◆ Task to complete ◆
Starting with the line that contains "Antibody conjugated editable" and ending with the last line of the entries, repeat exactly those lines and nothing else, pictures excluded.

◆ Dataset records ◆
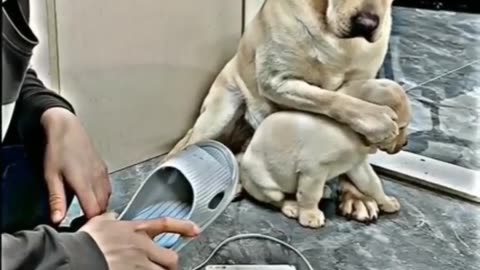 मां का प्यार ❤️❤️❤️ #shorts #doglover #dog #pet #dogvideo #cutedog #oscar #jerry #viral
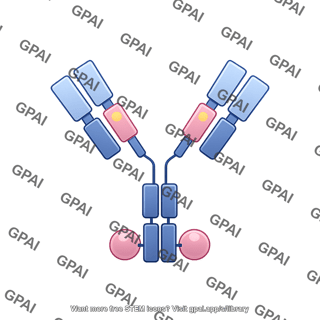 Antibody conjugated editable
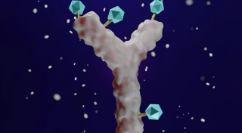 EPM Article: Cell Line Development Strategies for Bispecific Antibodies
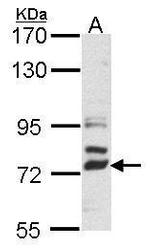 DLL4 Antibody in Western Blot (WB)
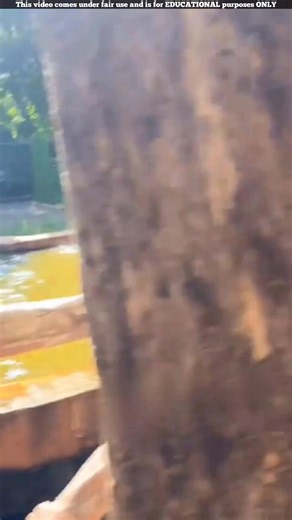 The Hippo Poop Helicopter 🦛💩 | #shorts #viralvideo #facts | FactBite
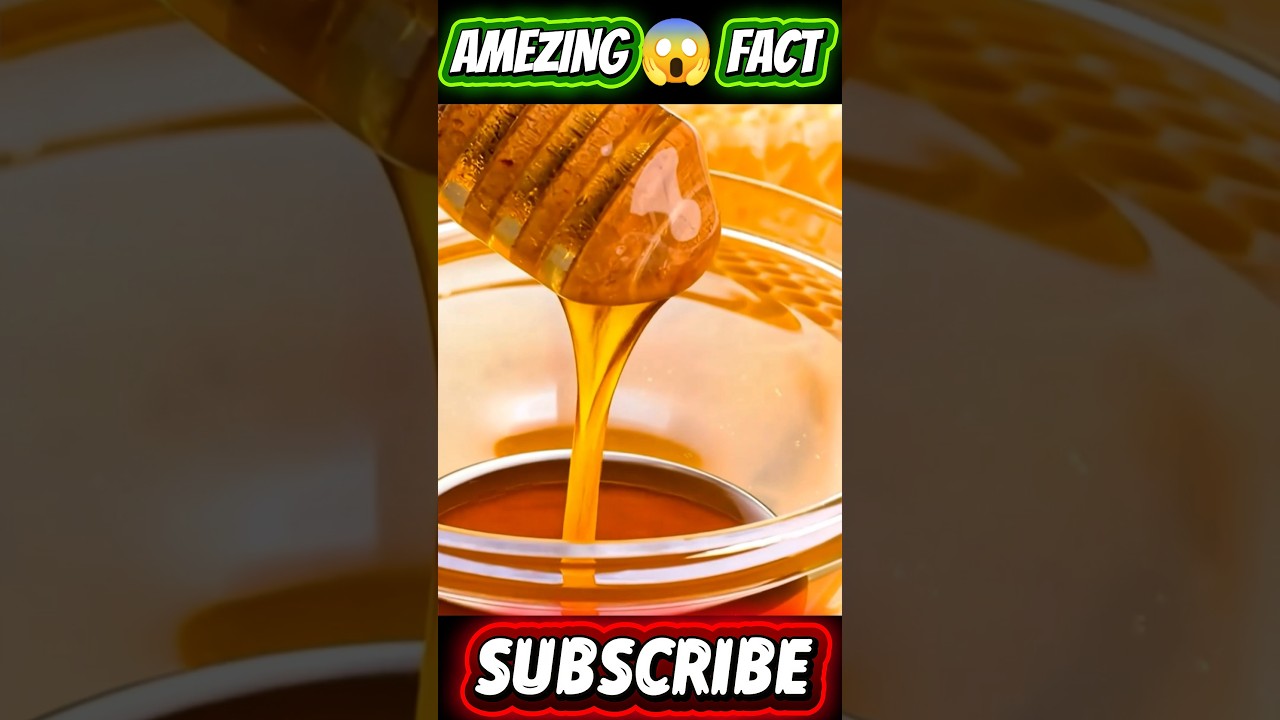 TOP 5 AMEZING 😱 FACT #amazingfacts #worldfacts #trendingshorts #viralvideos #growth #viral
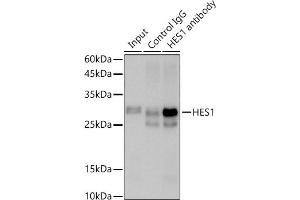 Immunoprecipitation analysis of 600 μg extracts of Rat testis cells using 3 μg HES1 antibody (ABIN7267624). (HES1 Antikörper)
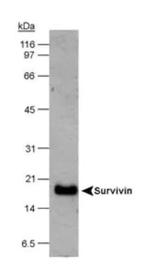 Survivin Antibody in Western Blot (WB)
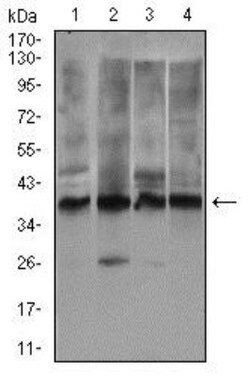 Rex-1/ZFP42 Antibody (5E11E7) - BSA Free, Novus Biologicals:Antibodies:Primary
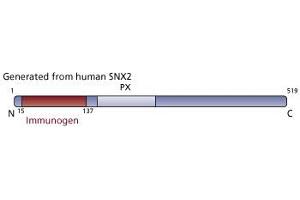 Image no. 2 for anti-Sorting Nexin 2 (SNX2) (AA 15-137) antibody (ABIN968465) (Sorting Nexin 2 antibody  (AA 15-137))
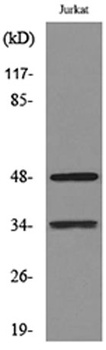 MyoD rabbit pAb Antibody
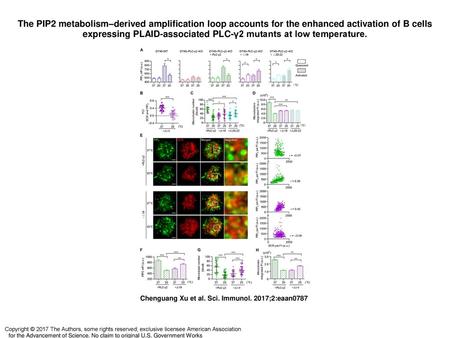 The PIP2 metabolism–derived amplification loop accounts for the enhanced activation of B cells expressing PLAID-associated PLC-γ2 mutants at low temperature.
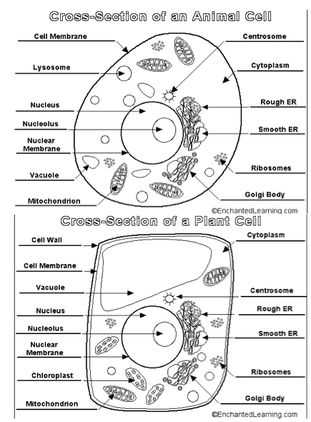 Plant Cell Worksheet and 27 Best Plant Animal Cells Images On Pinterest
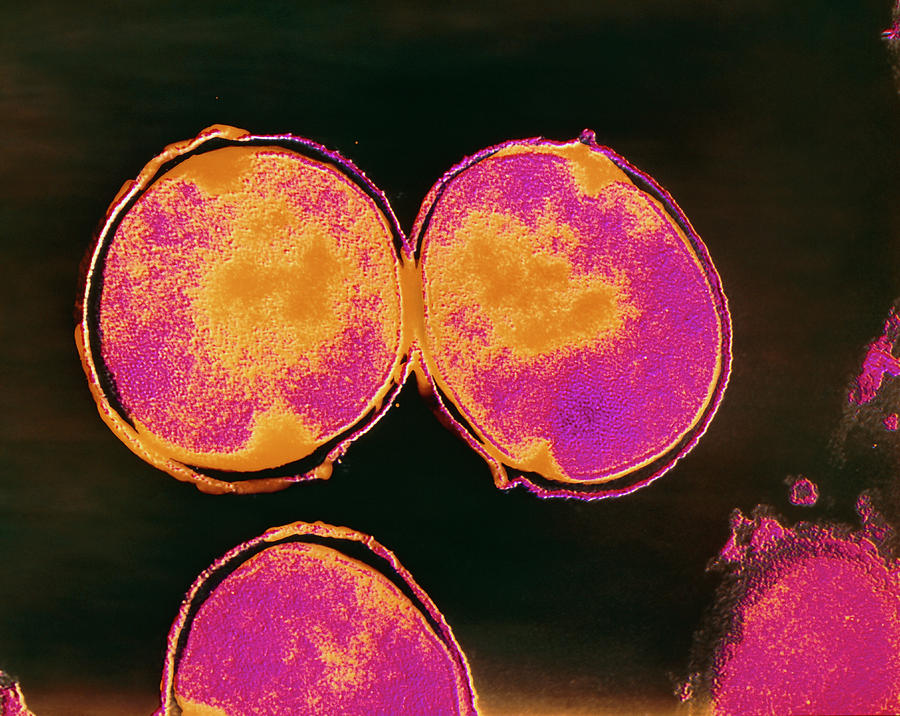 Streptococcus Pneumoniae Bacteria Photograph By Cnri Science Photo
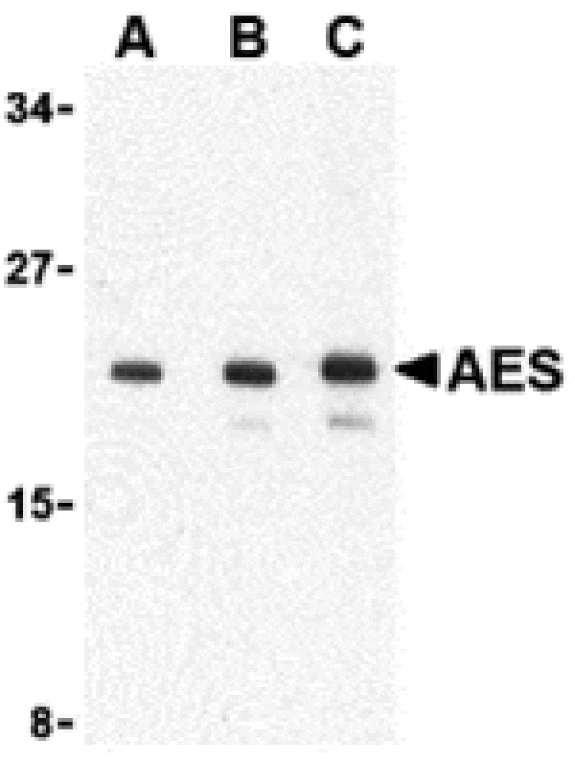 Western blot - AES Antibody from Signalway Antibody (24349) - Antibodies.com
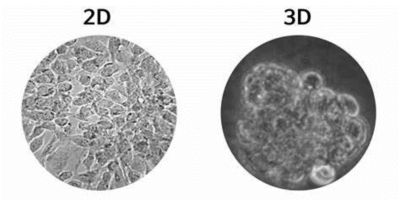 cells-under-a-microscope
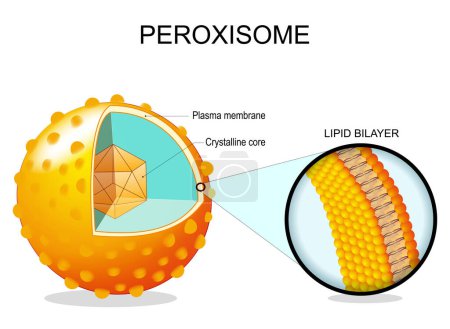 Peroxisome Anatomie. Querschnitt durch eine Zellorganelle. Nahaufnahme einer Lipid-Doppelschicht-Plasmamembran, Kristalliner Kern, Transport von Proteinen. Vektorillustration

◆ Response below ◆
 Antibody conjugated editable
 EPM Article: Cell Line Development Strategies for Bispecific Antibodies
 DLL4 Antibody in Western Blot (WB)
 The Hippo Poop Helicopter 🦛💩 | #shorts #viralvideo #facts | FactBite
 TOP 5 AMEZING 😱 FACT #amazingfacts #worldfacts #trendingshorts #viralvideos #growth #viral
 Immunoprecipitation analysis of 600 μg extracts of Rat testis cells using 3 μg HES1 antibody (ABIN7267624). (HES1 Antikörper)
 Survivin Antibody in Western Blot (WB)
 Rex-1/ZFP42 Antibody (5E11E7) - BSA Free, Novus Biologicals:Antibodies:Primary
 Image no. 2 for anti-Sorting Nexin 2 (SNX2) (AA 15-137) antibody (ABIN968465) (Sorting Nexin 2 antibody  (AA 15-137))
 MyoD rabbit pAb Antibody
 The PIP2 metabolism–derived amplification loop accounts for the enhanced activation of B cells expressing PLAID-associated PLC-γ2 mutants at low temperature.
 Plant Cell Worksheet and 27 Best Plant Animal Cells Images On Pinterest
 Streptococcus Pneumoniae Bacteria Photograph By Cnri Science Photo
 Western blot - AES Antibody from Signalway Antibody (24349) - Antibodies.com
 cells-under-a-microscope
 Peroxisome Anatomie. Querschnitt durch eine Zellorganelle. Nahaufnahme einer Lipid-Doppelschicht-Plasmamembran, Kristalliner Kern, Transport von Proteinen. Vektorillustration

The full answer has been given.